:: INFORMATION PROVIDED ::
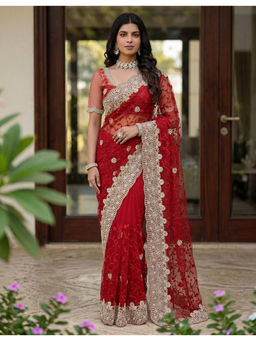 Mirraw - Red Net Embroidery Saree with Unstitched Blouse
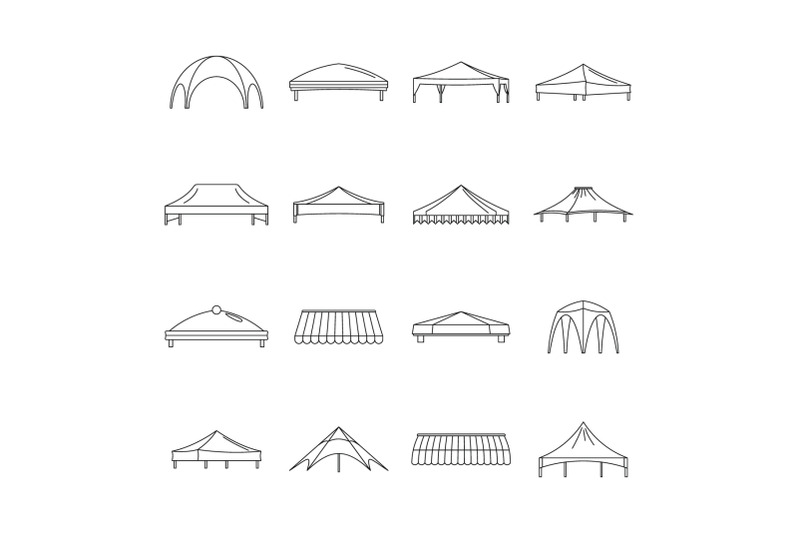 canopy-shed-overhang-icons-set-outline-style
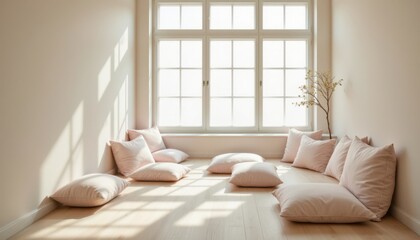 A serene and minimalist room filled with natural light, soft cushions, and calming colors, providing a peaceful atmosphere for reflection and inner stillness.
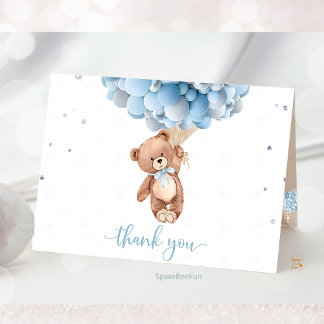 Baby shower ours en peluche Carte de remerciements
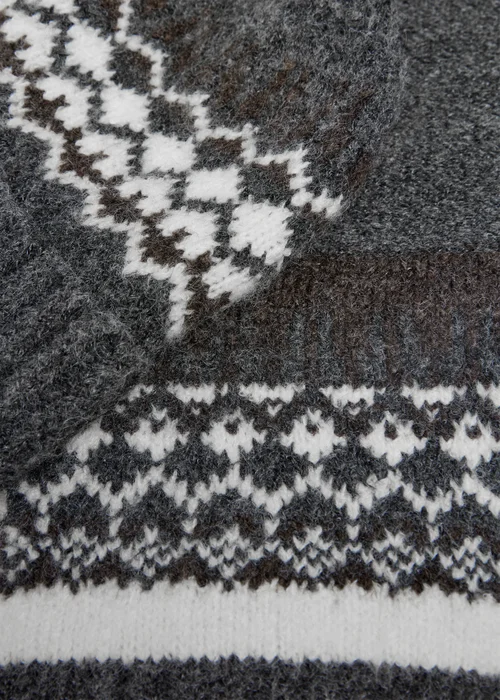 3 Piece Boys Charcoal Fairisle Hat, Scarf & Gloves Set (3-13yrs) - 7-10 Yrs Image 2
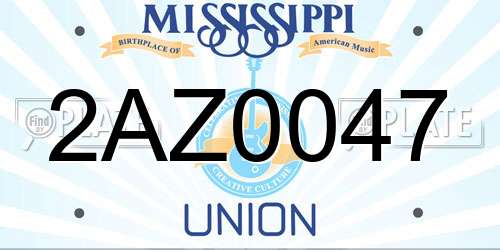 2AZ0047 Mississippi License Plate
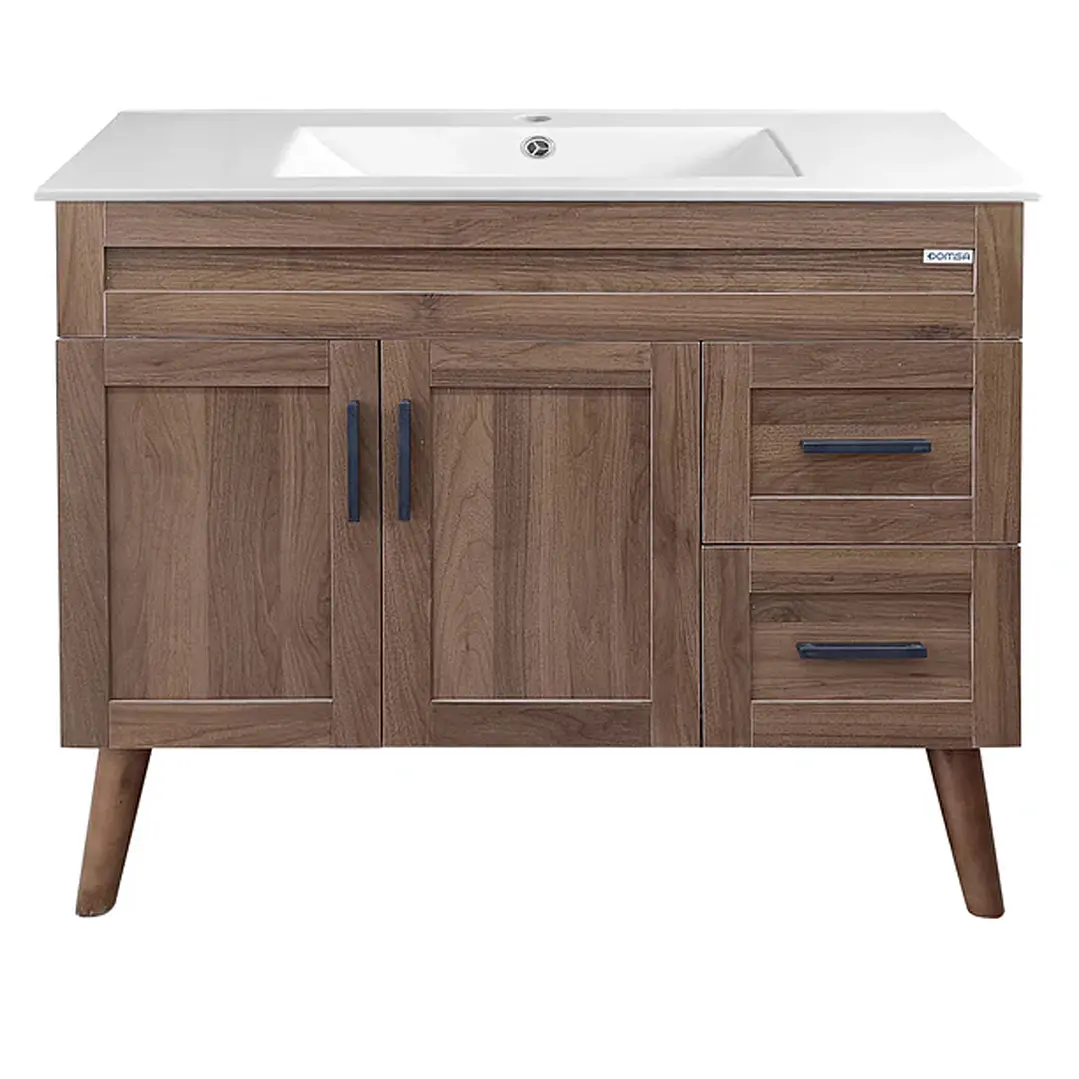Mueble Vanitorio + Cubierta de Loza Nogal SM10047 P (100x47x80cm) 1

==

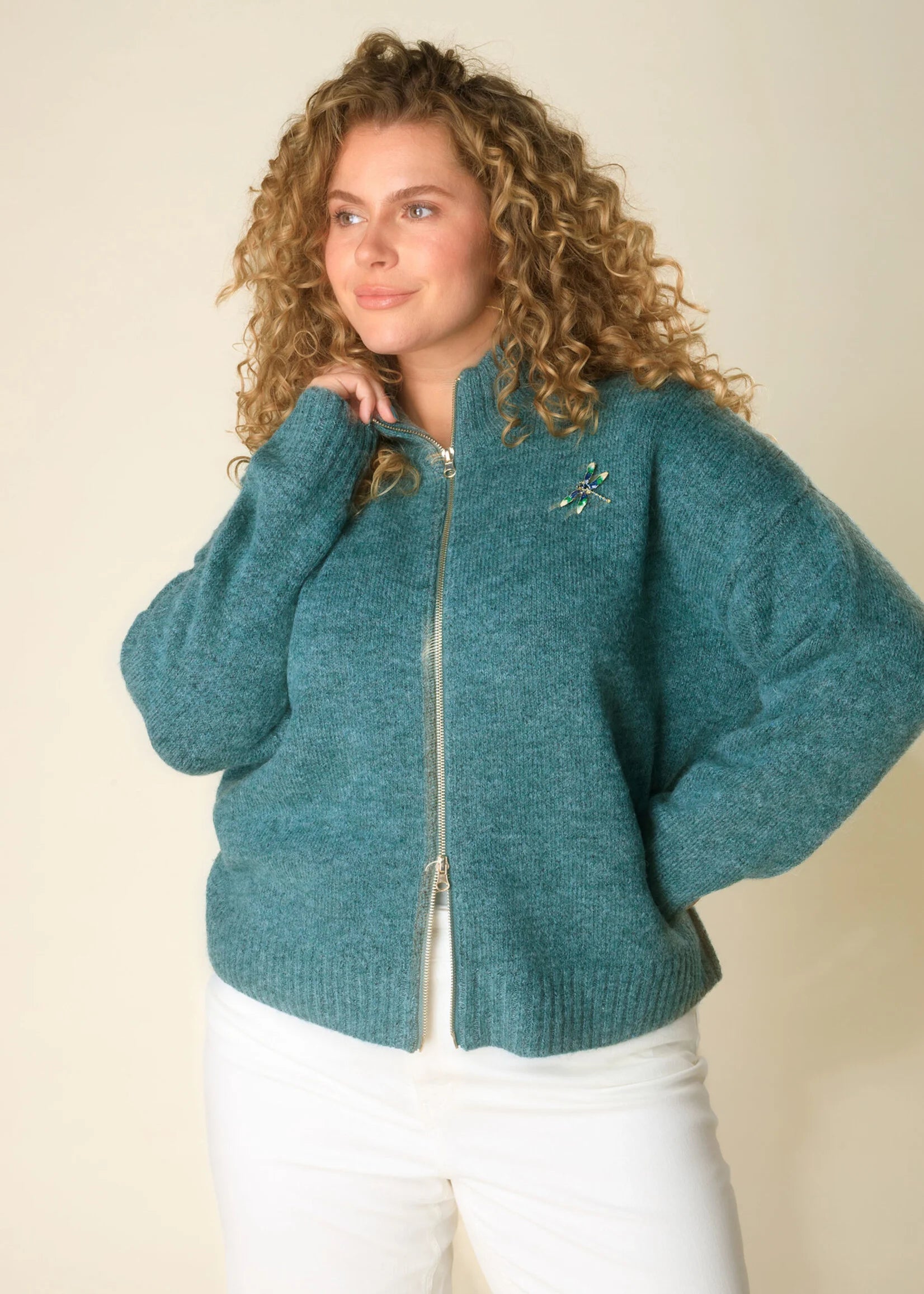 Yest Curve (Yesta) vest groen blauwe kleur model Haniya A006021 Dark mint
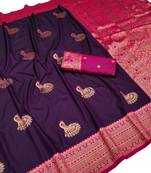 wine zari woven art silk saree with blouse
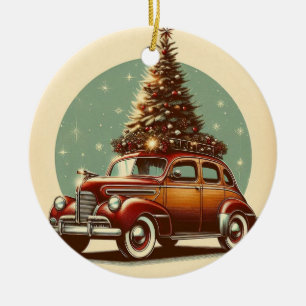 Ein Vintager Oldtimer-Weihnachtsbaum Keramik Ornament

:: HOW TO COMPLETE THIS TASK ::
Leave the pictures out. Output, exactly, the lines of the material above starting at the line containing "Baby shower ours" and ending at the line containing "Mueble Vanitorio +".

:: ANSWER TO THIS EXERCISE ::
 Baby shower ours en peluche Carte de remerciements
 3 Piece Boys Charcoal Fairisle Hat, Scarf & Gloves Set (3-13yrs) - 7-10 Yrs Image 2
 2AZ0047 Mississippi License Plate
Mueble Vanitorio + Cubierta de Loza Nogal SM10047 P (100x47x80cm) 1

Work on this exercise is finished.